The settlement near Nablus has made even the simplest aspects of running my business a struggle: roads that should take minutes now take hours, deliveries are delayed or blocked, and crops are regularly damaged or uprooted by settler attacks.
Products from Israeli settlements flow freely to international markets, while Palestinian goods remain trapped behind checkpoints and are forced to incur shipping costs to Europe twice as much as settler shipments.
It is time for the UK to move off the sidelines and play an active role in ending this unjust economic struggle.
The construction and expansion of Israeli settlements is illegal under international law. Let me be clear: it is illegal. And yet, the sad truth is that this catastrophic crime against a people and their homeland continues relentlessly, without accountability, exposing a stark double standard in the application of international law to Israel. In just three years, between 2023 and 2025, the number of settlements in the West Bank and East Jerusalem increased by 50 percent, rising from 141 to 210. In addition, as of December 2025, there were 224 “outposts” - settlements established since the 1990s, not yet officially “recognized” by the Israeli government.
The Israeli government has publicly declared its intention to annex the West Bank. Next month, Israel plans to begin work on another “settler-only” road, which, like many others, will further restrict Palestinian movement and close off more of the occupied West Bank.
Settler violence has increased dramatically, deliberately targeting Palestinian farmers, preventing them from harvesting their land and crippling their ability to provide for their families.
This story is not new.
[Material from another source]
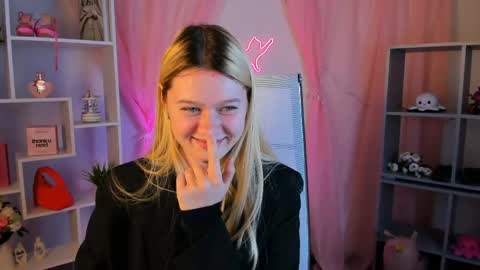 Snapshot of celestinemauriac chatting on May 14, 2026, 6:47 pm your cute kitty online show from May 14, 2026, 6:47 pm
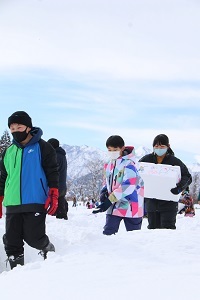 雪を運ぶ児童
Since 1948, our land has been systematically stolen, our natural resources plundered, families displaced, and lives destroyed.
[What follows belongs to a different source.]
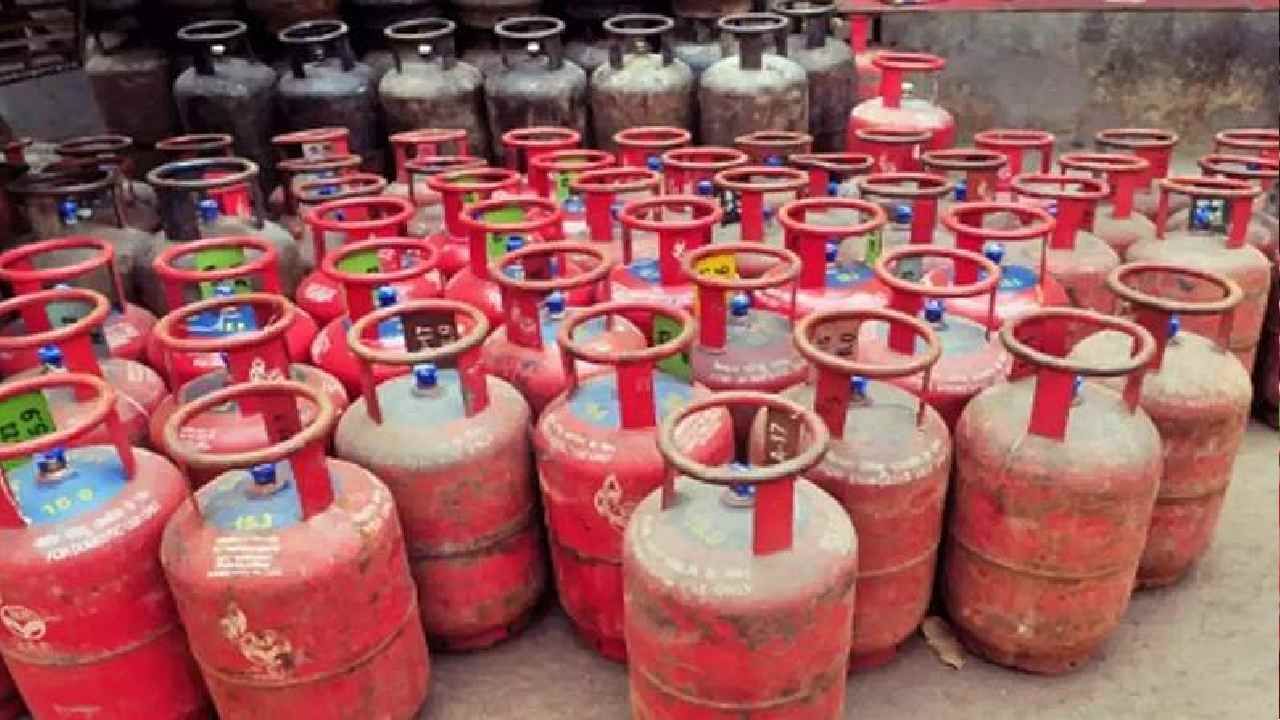 Gas Price Hike: ಅಕ್ಟೋಬರ್​ ತಿಂಗಳಿಂದ ಅಡುಗೆ ಅನಿಲ ದರ ಶೇ 57ರಷ್ಟು ಏರಿಕೆ ಸಾಧ್ಯತೆ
Aggressive economic and trade restrictions imposed by Israel on the West Bank have further weakened an already besieged Palestinian economy. Since 1967, Israeli authorities have prevented the development of independent economic and trade policies, leaving the Palestinian economy heavily dependent on Israel for trade, labor, fiscal flows, and financial systems.
After the war in Gaza erupted, severe economic restrictions were imposed on the West Bank. The recent “ceasefire” in Gaza ignores the West Bank and Palestinian territorial integrity as a whole.
In the UK, the Government's recognition of a Palestinian state has been welcomed, but there is much more the UK Government should be doing to help achieve a just and lasting peace, especially in light of the ongoing occupation and colonisation of the West Bank.